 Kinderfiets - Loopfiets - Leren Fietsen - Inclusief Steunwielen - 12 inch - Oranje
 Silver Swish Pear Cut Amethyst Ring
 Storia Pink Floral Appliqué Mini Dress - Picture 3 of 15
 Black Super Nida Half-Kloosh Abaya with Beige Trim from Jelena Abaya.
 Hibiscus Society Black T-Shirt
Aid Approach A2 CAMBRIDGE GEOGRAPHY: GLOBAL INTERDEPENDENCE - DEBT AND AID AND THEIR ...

==*==

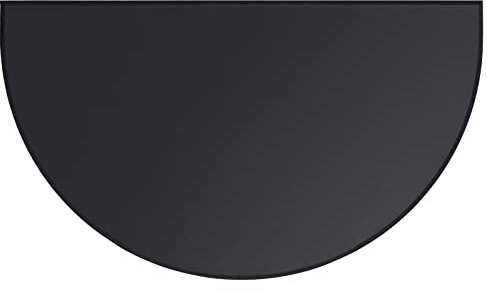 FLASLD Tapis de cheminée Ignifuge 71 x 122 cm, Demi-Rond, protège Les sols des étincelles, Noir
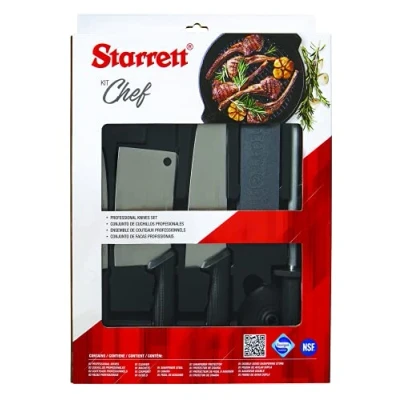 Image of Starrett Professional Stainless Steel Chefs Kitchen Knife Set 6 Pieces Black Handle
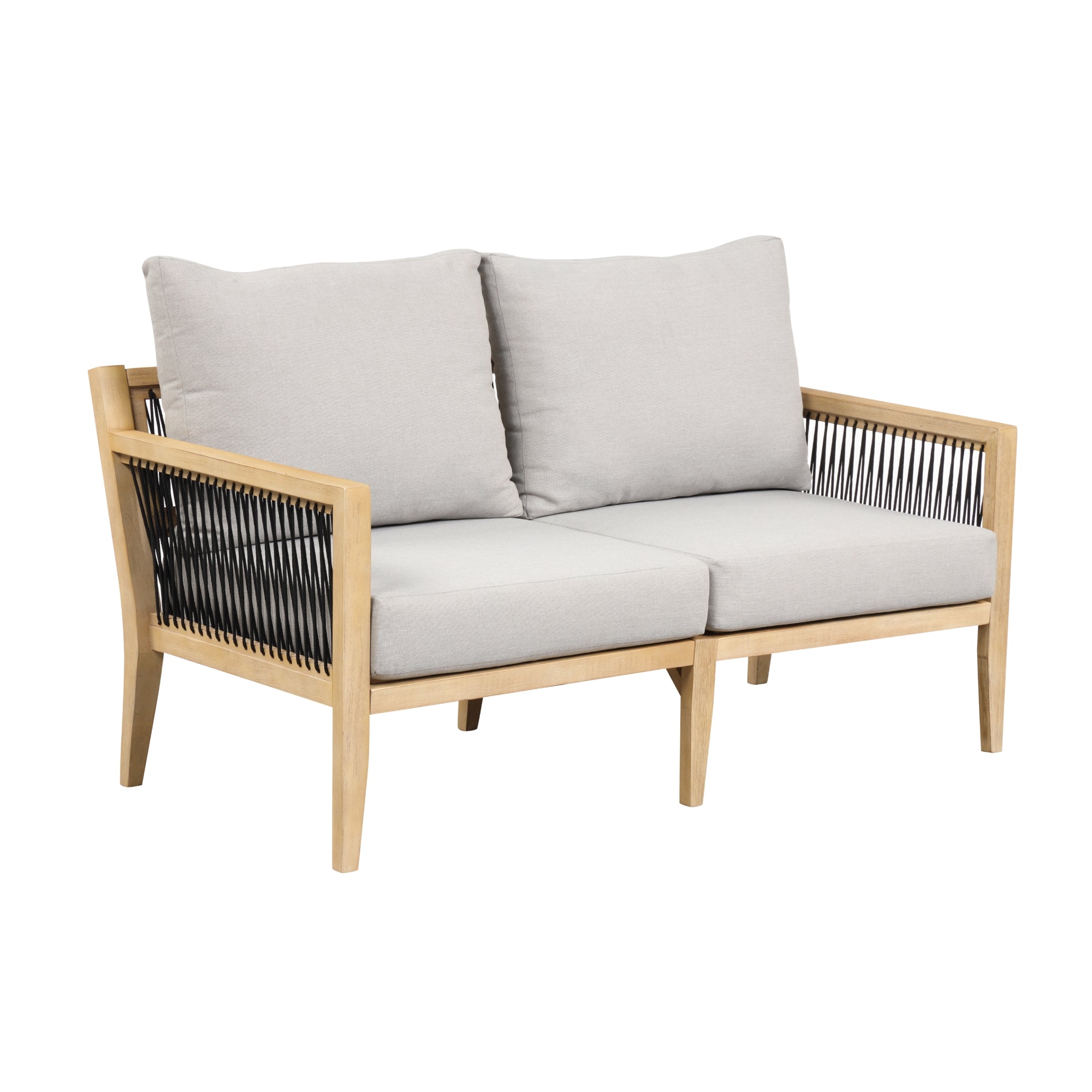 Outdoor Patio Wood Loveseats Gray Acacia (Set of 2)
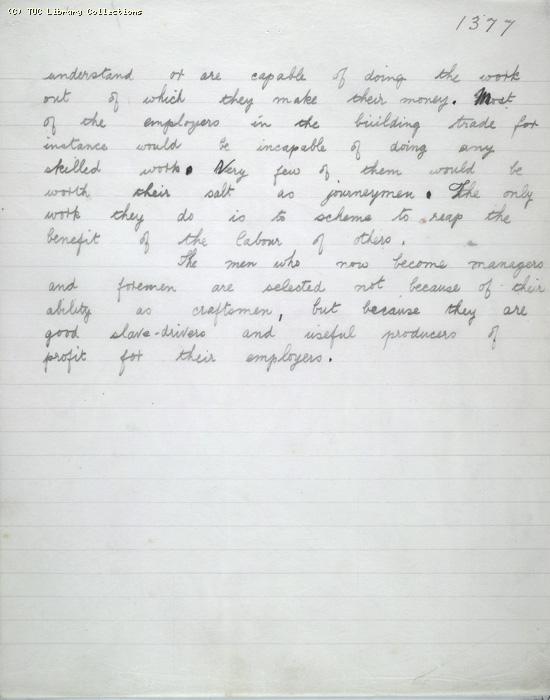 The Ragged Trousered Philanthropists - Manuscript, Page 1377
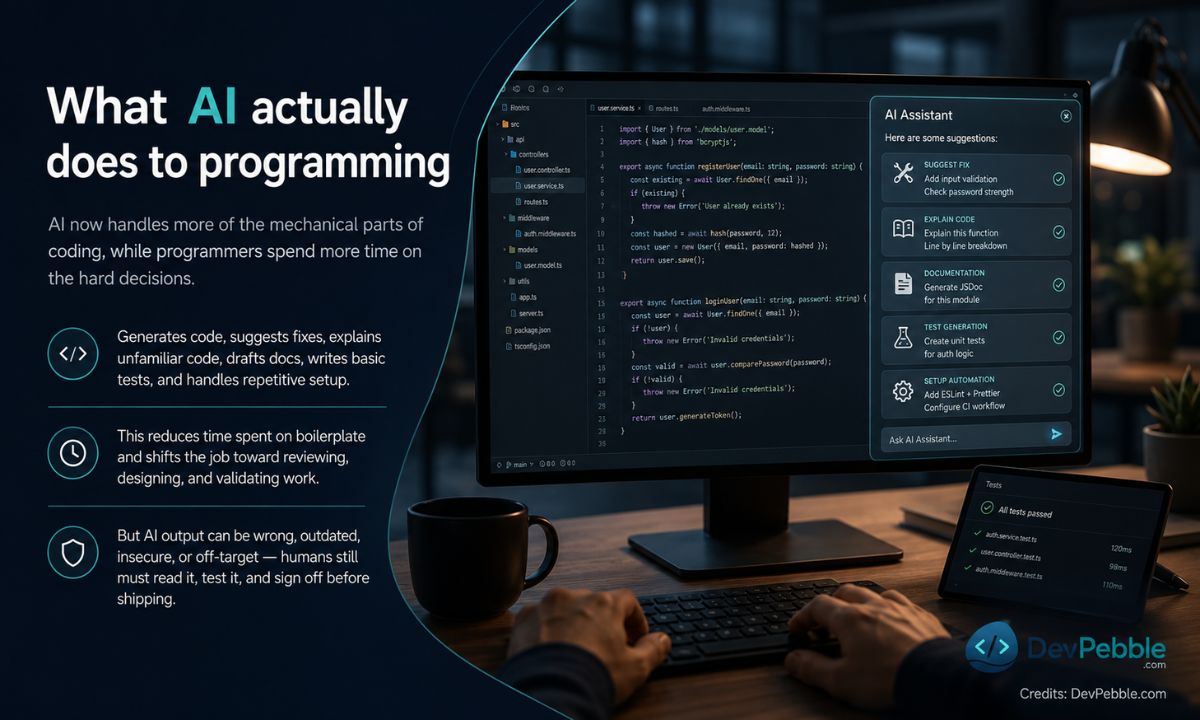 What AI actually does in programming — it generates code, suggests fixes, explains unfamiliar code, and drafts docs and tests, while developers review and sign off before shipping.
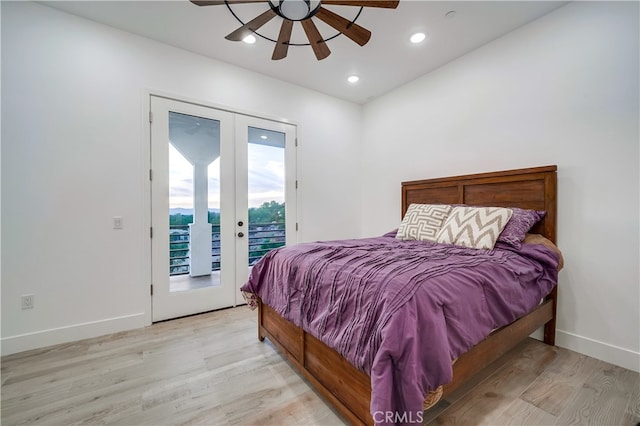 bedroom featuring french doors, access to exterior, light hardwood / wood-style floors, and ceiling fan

==*==

TASK ITEM.
In the data above, start at the line holding "FLASLD Tapis de" and stop after the line holding "Outdoor Patio Wood"; write out those lines exactly, without pictures.

RESULT.
 FLASLD Tapis de cheminée Ignifuge 71 x 122 cm, Demi-Rond, protège Les sols des étincelles, Noir
 Image of Starrett Professional Stainless Steel Chefs Kitchen Knife Set 6 Pieces Black Handle
 Outdoor Patio Wood Loveseats Gray Acacia (Set of 2)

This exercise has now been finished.